Step 5. Develop a Digital Content Strategy

Technology has impacted the way law firms should engage with their clients. The ability to provide rich content is essential. If a firm’s lawyers don’t already know how to use CRM, ERM, bios, blogs and social media to communicate, it’s high time to learn. And if the firm doesn’t have the technology required to support its lawyers’ digital efforts, it’s time to implement it.

And equally importantly, content must be part of an overall strategy rather than randomly produced, disconnected and ad hoc. When formulating a digital content strategy, Woodyear suggests keeping the following rules in mind:

Make it personal.  1-to-1 Marketing.  People expect it. That’s what the experience on other websites.   There is so much digital noise, personalization the key to standing out in today’s cluttered digital environment.

Be social. If your lawyers aren’t on linked in GET THEM THERE. Why? Because GC’s use Social to vet law firms and find relevant content. How many? Somewhere between 60 and 73 percent check you out online according to recent surveys.

Analyze results. You can’t manage what you don’t measure. You can’t gain credibility for your marketing efforts if you don’t have the data to back up your claims.  Today’s marketer must understand how analyze and interpret data.

Cross-serve and convert leads.  When you know HOW your clients are interacting with your content then you can begin to see patterns and uncover opportunities for cross serving existing clients. It’s much more cost effective to sell additional services to existing clients rather than chasing down new clients. In fact, the cost of winning a new client is 7x the cost of retaining an existing client.

Staff up.  Woodyear says that many of the firms she has talked to are beginning to realize that they’ll need to change their whole approach to compete with other firms. They may need to retrain existing staff or hire new experts who have a deep understanding of marketing technologies and content strategy.

Step 6. Create and curate content

Good content gets shared and linked to. Shared and linked content gets Google’s attention. Content that gets Google’s attention gets found, shared and linked to even more. The feedback cycle doesn’t go on indefinitely, though. Content must be refreshed periodically to ensure that viewers and search engines remain engaged.
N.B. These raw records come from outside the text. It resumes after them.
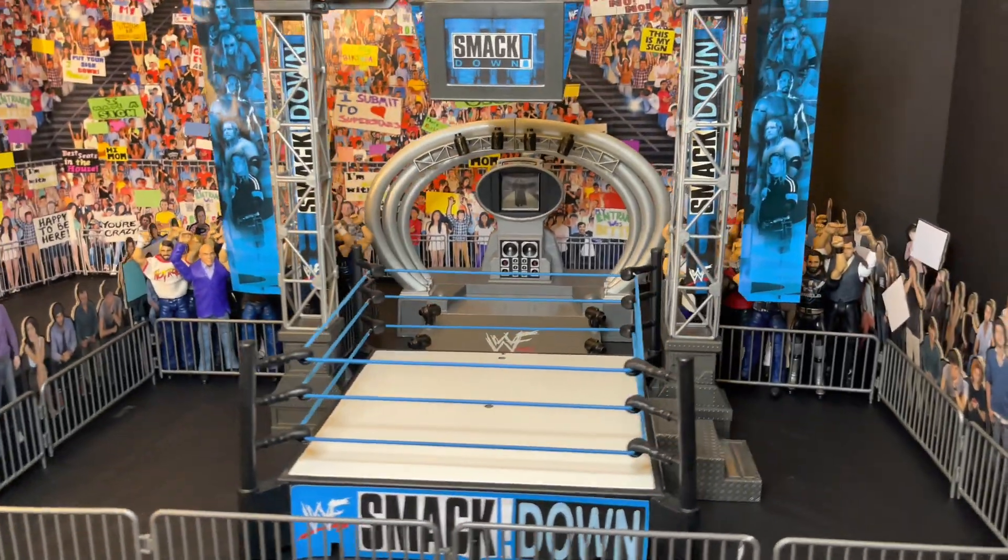Now let's take a look at the stage. Starting off with that awesome logo on the ramp — you have the WWF logo right there. You get four lights, two on each side, so superstars can light up their entrance. You also get those arches going across the stage — iconic and nostalgic arcs. There are four more lights at the top of the stage frame, plus speakers and a Tron in the background. I mentioned during the unboxing that there is a different version of this stage.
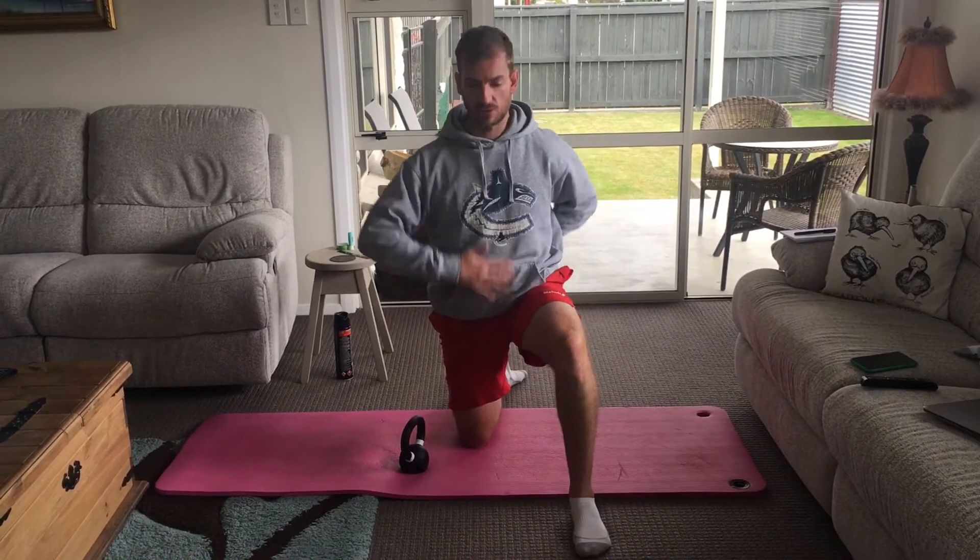Everything needs to be nice and straight. Grab your kettlebell — you can choose any particular weight that you want. The idea is to keep your shoulders nice and level throughout the motion, and you're not allowed to support with the free hand — that hand has to stay free. From there, we're pushing straight up and down, just like that.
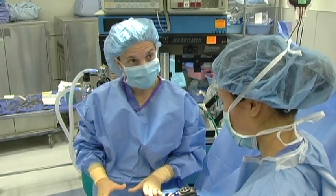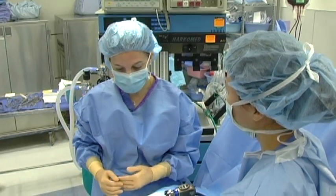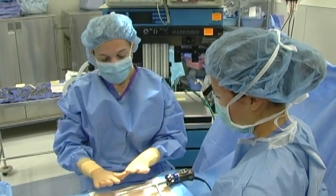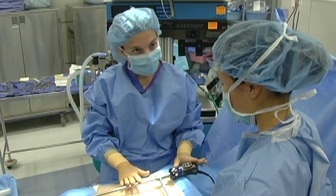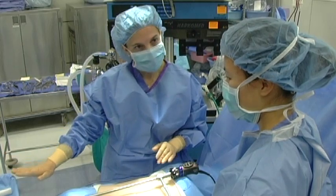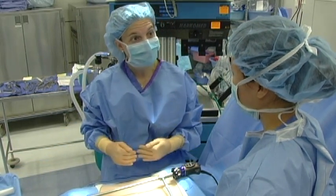First we're going to start with how to put the trocars in. For a laparoscopic hysterectomy, I use four trocars — some use three. We're going to assume we have pneumoperitoneum already and we have our camera ready. A bipolar is also available to us, so if we start this procedure and have a complication, we're ready to address it.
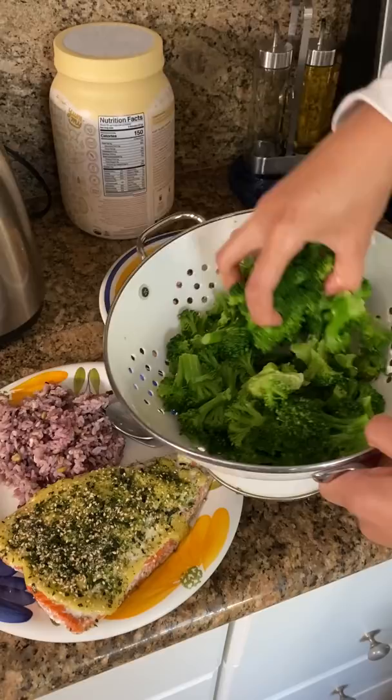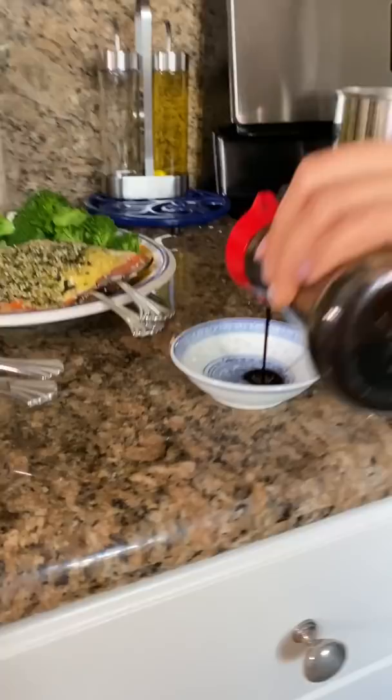Then I grab soy sauce and ponzu. I get this bottle of ponzu at my local Japanese store, but if you don't have it, you could substitute fresh lemon or lime. I typically add more soy sauce to ponzu ratio, taste it to my liking, and that's it.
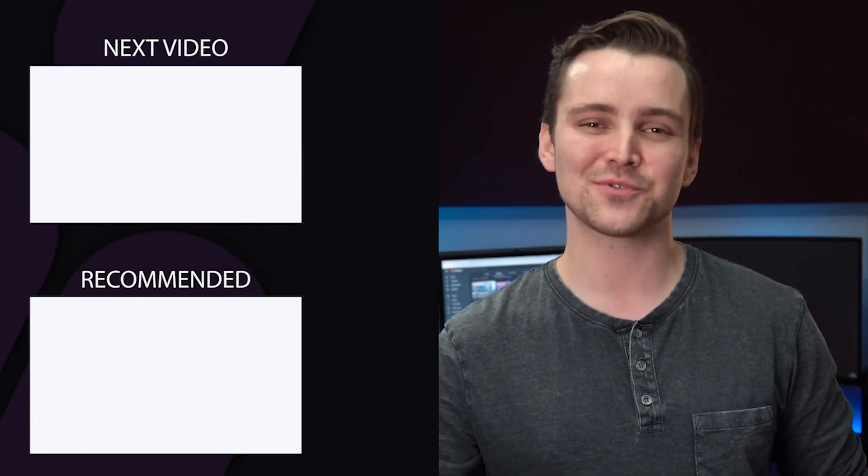Thank you so much for watching! If you want to continue watching good tech content, make sure to subscribe to the channel!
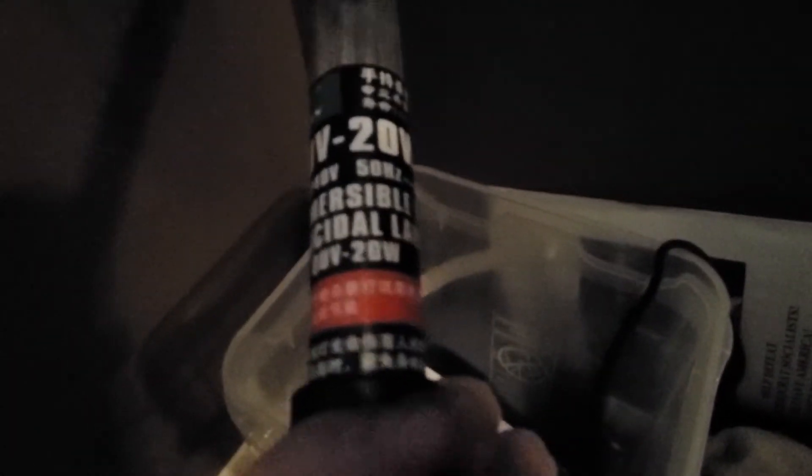I didn't get a package, so I've got a bunch of junk mail that I'm going to use as an example — I should just put it directly in the garbage, but I'm going to use it as an example. This is a magic wand — it's a submersible germicidal UVC lamp, 20 watts. I'm going to drop this in here, put the lid on, and cover it up.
Step 7. Deliver personalized content

Content should be written with the specific information needs and pain points of the prospects in mind (see Step 1). Use the power of your CRM system to segment your target audience and then target them with appropriate content and messaging. Don’t bombard them with every client alert and white paper your firm produces, otherwise you’ll become noise and they’ll ignore all of your content.

The “Age of the Customer” is Changing the Face of BD

Having experienced the challenges as well as the benefits associated with implementing CRM solutions, Woodyear acknowledges their indispensible role in the business development mix. “We’re in the age of the customer,” she says. “The customers are in control. It’s our job to manage and nurture relationships in ways that address their needs and maximize business opportunities for firms. Implementing an effective, CRM-driven digital marketing program is a new strategy, but it’s a great place to start.”